D. Sta puntando il dito contro le esternalizzazioni.
R. La mia organizzazione sindacale ha sempre evidenziato la necessità di investire sul personale e sulle risorse della p.a. Abbiamo sempre ritenuto l’esternalizzazione come una scelta strategica viziata da un pregiudizio ideologico. Questo nella migliore delle ipotesi, visto che a volte è stato un disegno mirato per costruire relazioni politiche grazie ai contratti oggetto di appalti. Ma per restare alla tesi del vizio ideologico, va detto che questo sbaglio di prospettiva è pagato a caro prezzo per tutto il nostro sistema paese perché drena risorse dalla macchina pubblica, rendendola sempre meno efficiente e capace di offrire un servizio adeguato alla collettività. Non cesseremo la nostra battaglia: il settore pubblico è una risorsa su cui investire, non una carcassa da smembrare.

D. Dopo gli scioperi disgiunti di Cgil e Uil, quali scenari si profilano per la sua organizzazione sindacale?
R. Le scelte di politica sindacale delle altre organizzazioni le rispetto, ma il nostro cammino è ben preciso e costruito con continuità e coerenza in ogni snodo delle relazioni sindacali degli ultimi anni. Siamo stati responsabili quando c’era da esserlo. Abbiamo capito che, nella fase storica attraversata dal nostro paese, lo strumento dello sciopero non era funzionale al raggiungimento di obiettivi concreti, ma solo una perdita di denaro per i lavoratori; in più era una scelta ideologica di chi non sa o non riesce ad uscire dal proprio ruolo di sindacalismo antagonista.
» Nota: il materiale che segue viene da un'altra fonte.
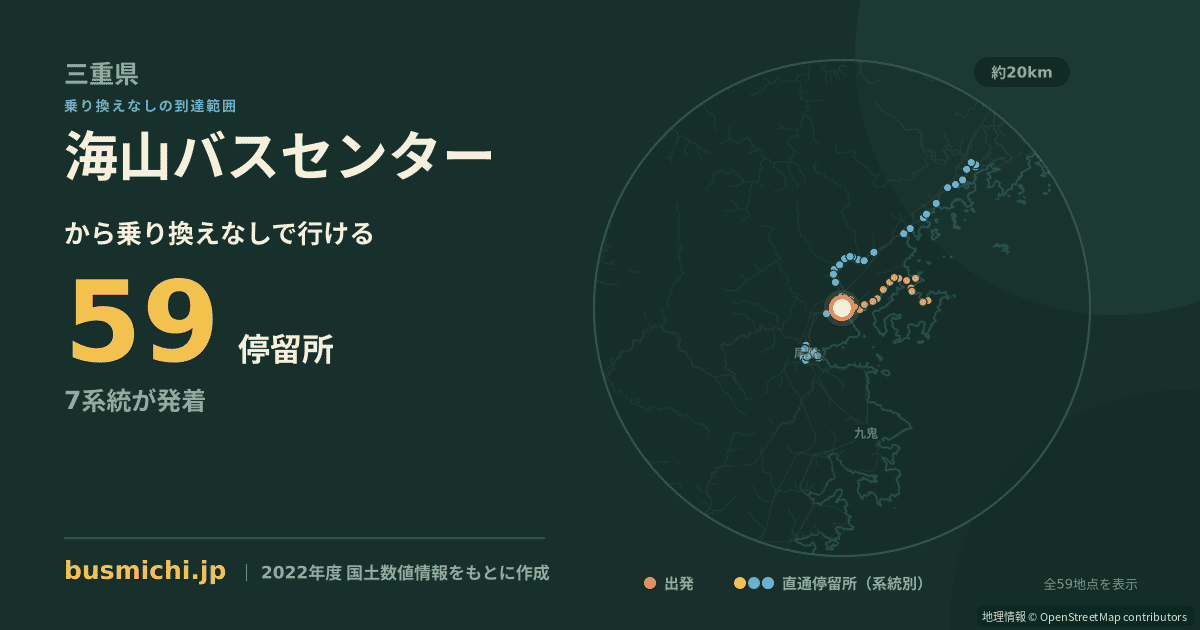 海山バスセンターバス停から直通で行ける停留所の概略図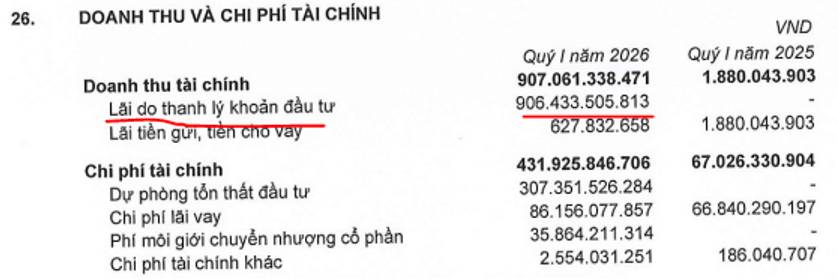 PDR Q1-2026: Tiếp tục chuyển nhượng dự án lấy dòng tiền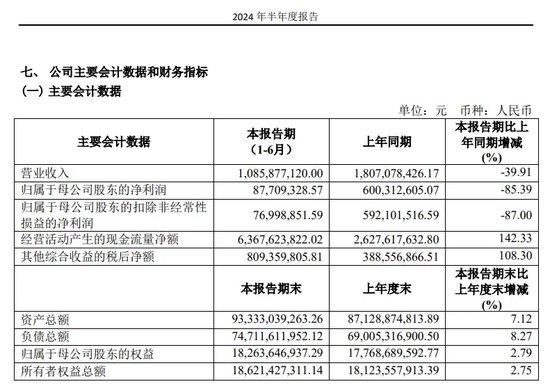 国联证券：中信系大佬掌舵，上市四年业绩触底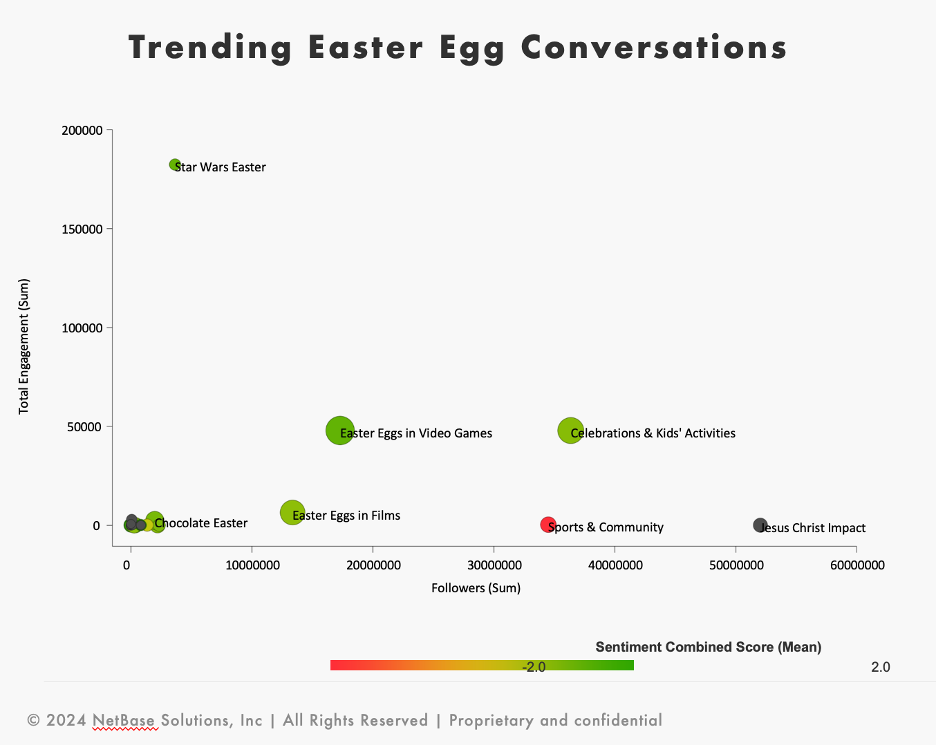Trending topics around Easter in 2025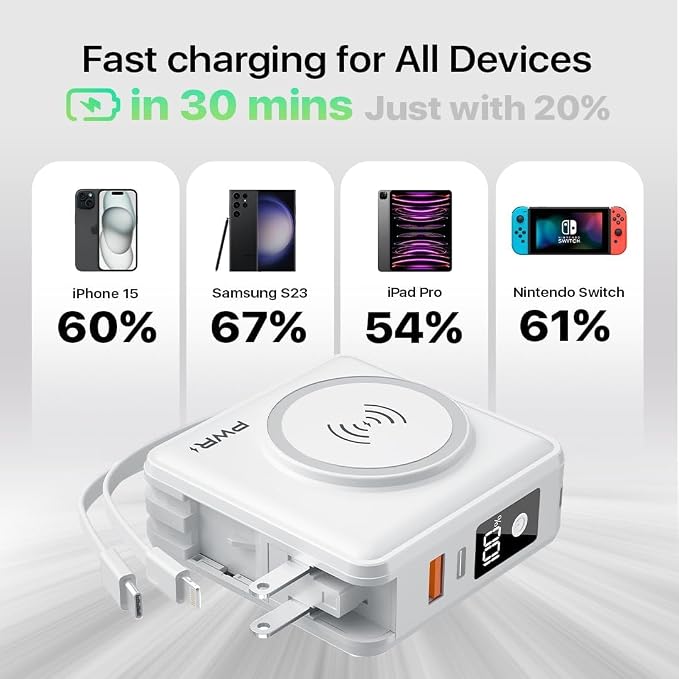 PWR Travel PRO 5-in-1 Power Bank – 10, 000mAh - Image 5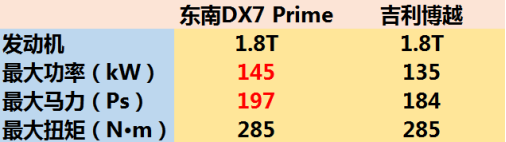 0510【web 1.0-1】大揭秘！东南DX7 Prime和吉利博越谁更适合成为心灵港湾？1146.png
In questi anni duri, con questo senso di responsabilità abbiamo raggiunto almeno alcuni risultati, come dimostra da ultimo il salvataggio delle tredicesime su cui abbiamo minacciato ricorsi giurisdizionali a valanga.
Questa fase si è chiusa e dopo l’ultima Finanziaria abbiamo avvertito il governo che per noi la misura è colma. Vi è stata la mobilitazione del personale da parte della Confsal e della Federazione Confsal-Unsa. Se la parte politica non comprenderà la nostra posizione realizzeremo ulteriori iniziative, contemplando naturalmente quella dello sciopero. Non credo nello sciopero preventivo, ma è una delle opzioni per contrastare ulteriori e concrete misure del governo.
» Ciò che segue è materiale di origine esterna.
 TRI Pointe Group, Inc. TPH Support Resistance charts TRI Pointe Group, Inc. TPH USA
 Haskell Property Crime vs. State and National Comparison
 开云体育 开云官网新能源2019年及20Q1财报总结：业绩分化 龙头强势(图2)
Faccio presente che, congiuntamente con la Confsal e col suo Segretario generale Marco Paolo Nigi, stiamo seguendo da vicino l’evolversi della situazione conseguente alla lettera presentata dal governo al vertice europeo della scorsa settimana.

D. Che sindacato immagina per il futuro?
R. Se la gente non crede più nei partiti e nella politica posso dire che sono orgoglioso di fare parte di un’organizzazione sindacale che ha una vita pulsante, capace di lavorare sodo ogni giorno per rappresentare i lavoratori e i loro interessi. È un’avventura in cui si può esprimere l’impegno civile di ognuno. Ne sanno qualcosa i nostri iscritti e i nostri responsabili sindacali che danno vita a una struttura che è stata sempre libera dai condizionamenti politici e ideologici.